Field	What it records
Type	The Vary type (`Int`, `Bool`, `Str`, etc.)
Expression	The AST expression that produces the value
Origin	Where the value came from (local binding, loop iteration, branch join, argument, temporary)
Scope depth	How deeply nested the value is (for visibility checking)
Complexity	Expression depth (simpler values are preferred for reuse)
Dependency depth	How many other pool entries this value transitively depends on
Use count	How many times the value has been reused

Pool origins

Values enter the pool from different sources:

Origin	Example	Priority
Local binding	`let x = 42`	High (named, easy to reference)
Loop carried	`x = x + 1` inside a while loop	Medium
Branch join	Value computed in an if/else branch	Medium
Argument	Function parameter	High
Temporary	Intermediate expression result	Low

Named locals are preferred for reuse because they produce cleaner, more readable generated programs.

How reuse works

When the generator decides to reuse a pool value, it selects from entries that match the required type and are visible at the current scope depth. Selection is biased toward:

Priority	Preference
1	Named locals over temporaries
2	Lower complexity over higher complexity
3	Less frequently used values over heavily used ones
4	Deeper scope (closer to the current position)

This bias produces realistic data flow patterns: values tend to be used near where they are defined, simpler values get reused more than complex expressions, and the generator avoids over-referencing any single variable.

Composition

Instead of reusing a single pool value, the generator can compose two values:

let x = 10
let y = 3
# composed value: x + y (combines two pool entries)
let z = x + y

Composition creates expressions that reference multiple earlier values, producing richer dependency graphs. The maximum composition complexity is configurable to prevent deeply nested expressions.

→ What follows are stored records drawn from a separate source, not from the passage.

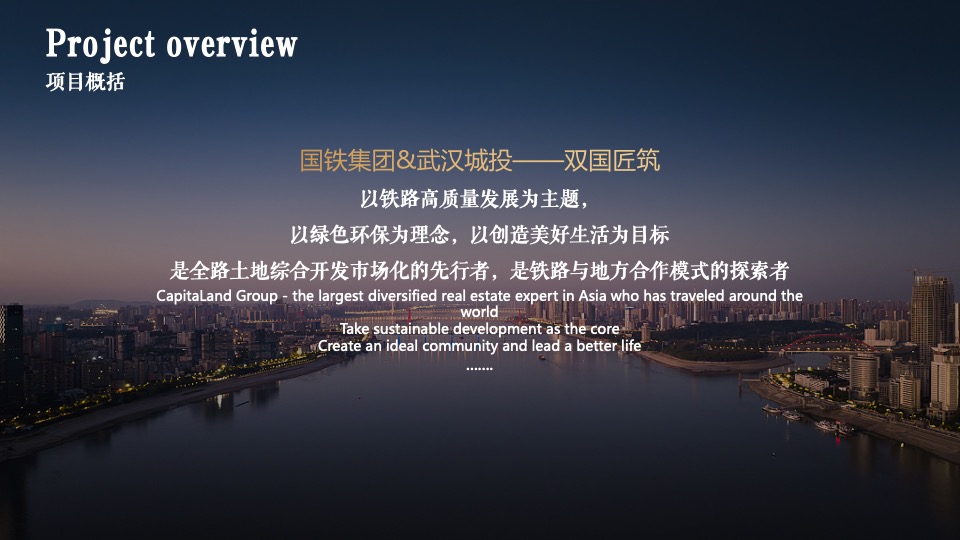 地产项目样板间开放暨山水艺术展（品山水诗意·樾国匠藏品主题）活动策划方案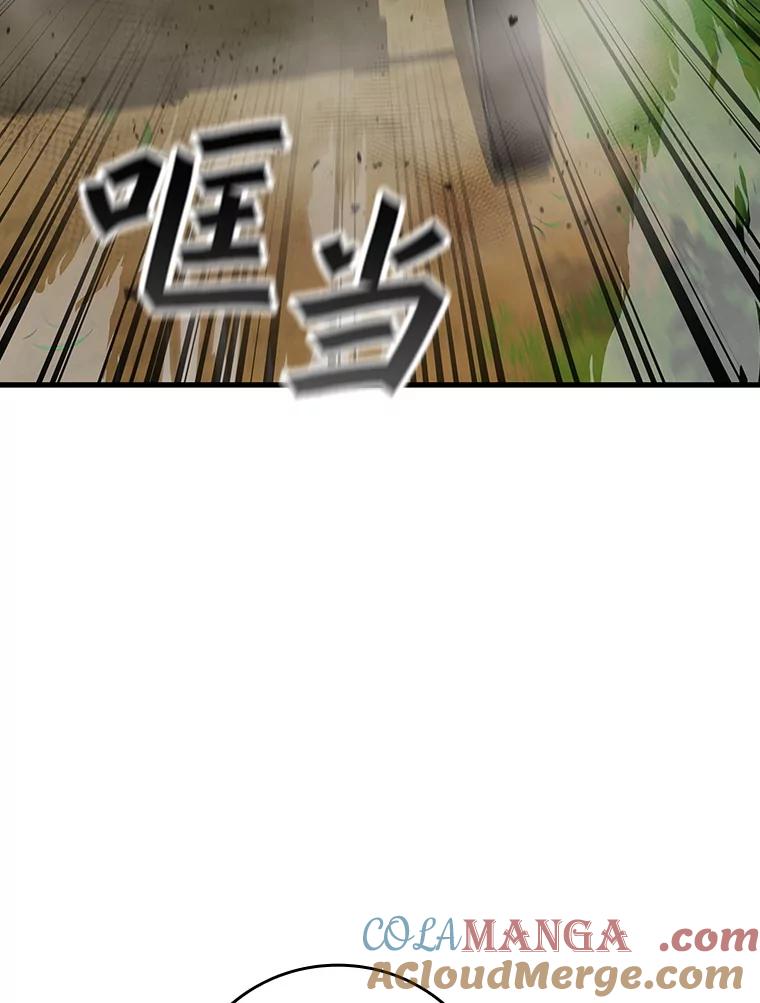 《噬龙魔法师》27.重生的原因 第105页
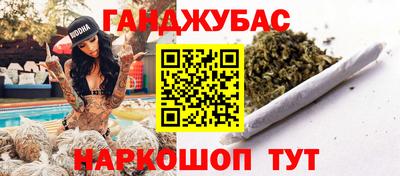 MDMA Premium VHQ Донской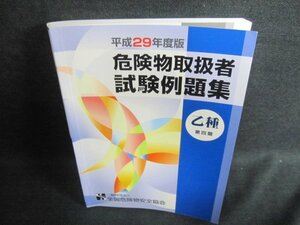 平成29年度版危険物取扱者試験例題集乙種第四類　問題のみ/FCH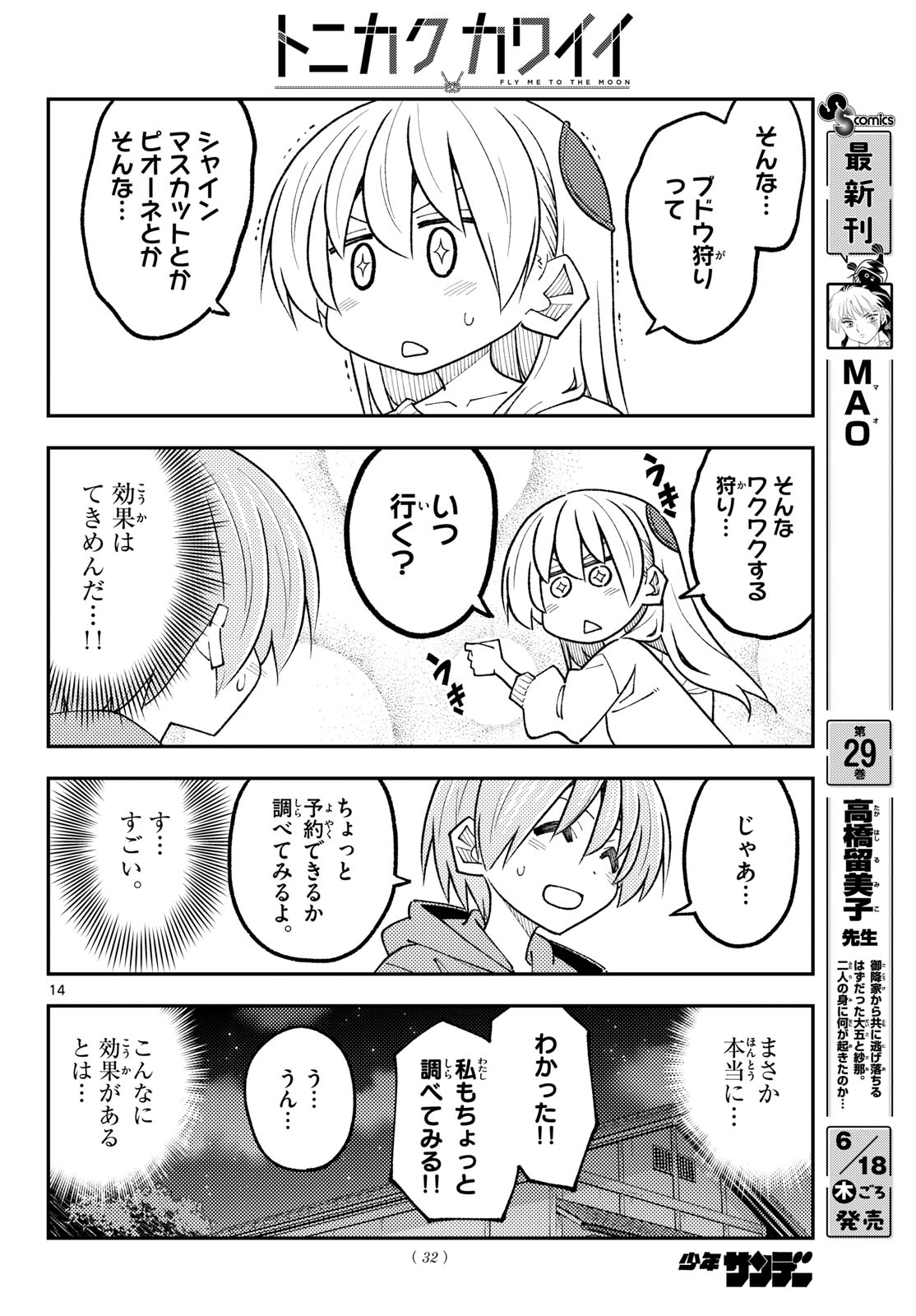 Fly Me to The Moon (Manga) Chapter 349 page 14 - nihonkuni.com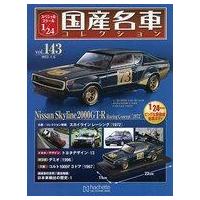 国産名車コレクション（本、雑誌、コミック）の商品一覧 通販 - Yahoo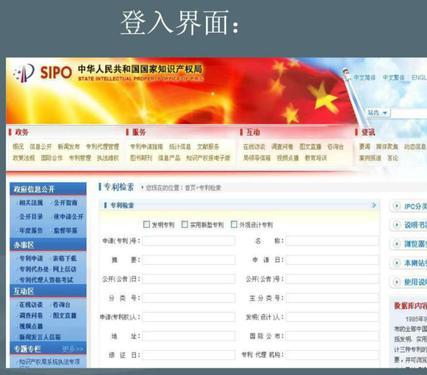 外包裝設(shè)計專利在哪里查找？分享查詢外觀設(shè)計專利的方法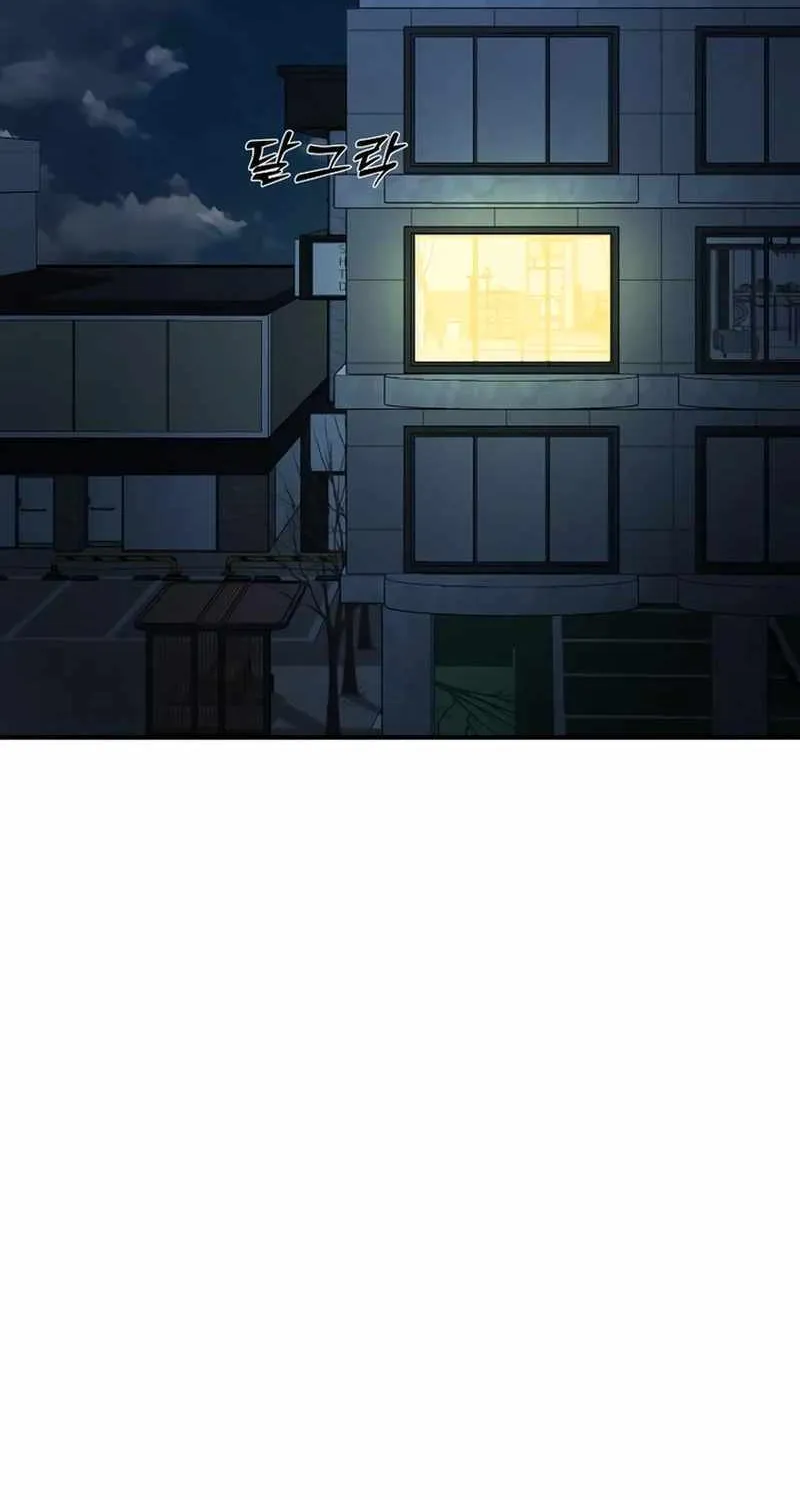 Reincarnation Path of The Underworld King Chapter 12 page 26 - 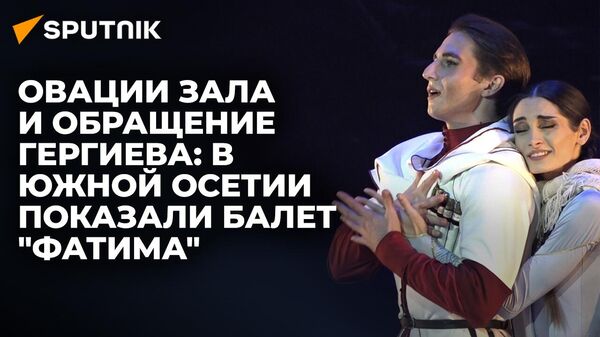 Как прошла премьера балета Фатима памяти Жанны Плиевой в Цхинвале - Sputnik Южная Осетия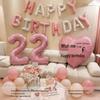 Rosa Herzballons & Schleife Erster Geburtstag Dekoration Set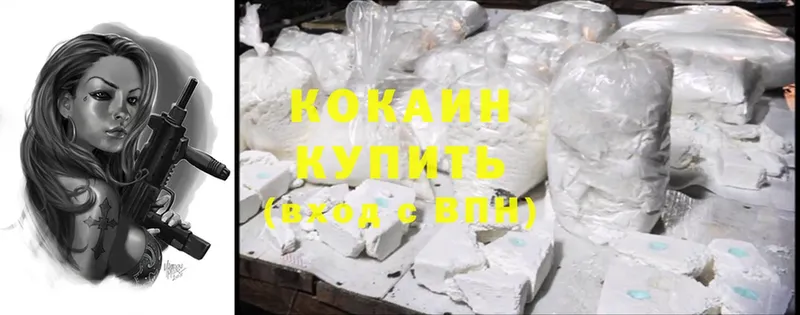 Cocaine 98%  Ярцево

Edge cases that pools enable

Value pools improve VAST's ability to find edge-case bugs because they create programs with specific value patterns:

Pattern	How pools produce it	What it tests
Zero interactions	Reuse a variable that holds `0` in arithmetic	Division by zero, multiply by zero
Identity operations	Compose `x + 0`, `x * 1` with pool values	Optimizer correctness for identities
Aliasing	Reuse the same variable in multiple contexts	Variable scoping and register allocation
Accumulation	Loop-carried values that grow over iterations	Loop variable overflow, accumulator correctness

Without pools, these patterns only appear by coincidence. With pools, they appear regularly because the generator deliberately reuses values.

Configuration

Pool behaviour is controlled by five parameters:

Parameter	Default	Description
Reuse bias	30	Probability (0-100) of reusing a pool value
Composition bias	20	Probability (0-100) of composing two pool values
Diversity penalty	1	Bonus for selecting less-used entries
Max dependency depth	4	Maximum transitive dependencies for a pool entry
Max composition complexity	3	Maximum expression depth when composing

These defaults produce a balance between fresh generation and value reuse. Higher reuse and composition biases produce programs with deeper data flow at the cost of less syntactic variety.

Metrics

VAST tracks pool statistics during generation:

Metric	What it measures
Pool size over time	How many entries are available at each generation step
Reuse and composition ratios	How often each strategy is selected
Dependency depth distribution	How deep the transitive chains get
Named local prevalence	What fraction of reused values are named locals

These metrics help tune pool configuration and verify that value pools are actually producing the intended data flow patterns.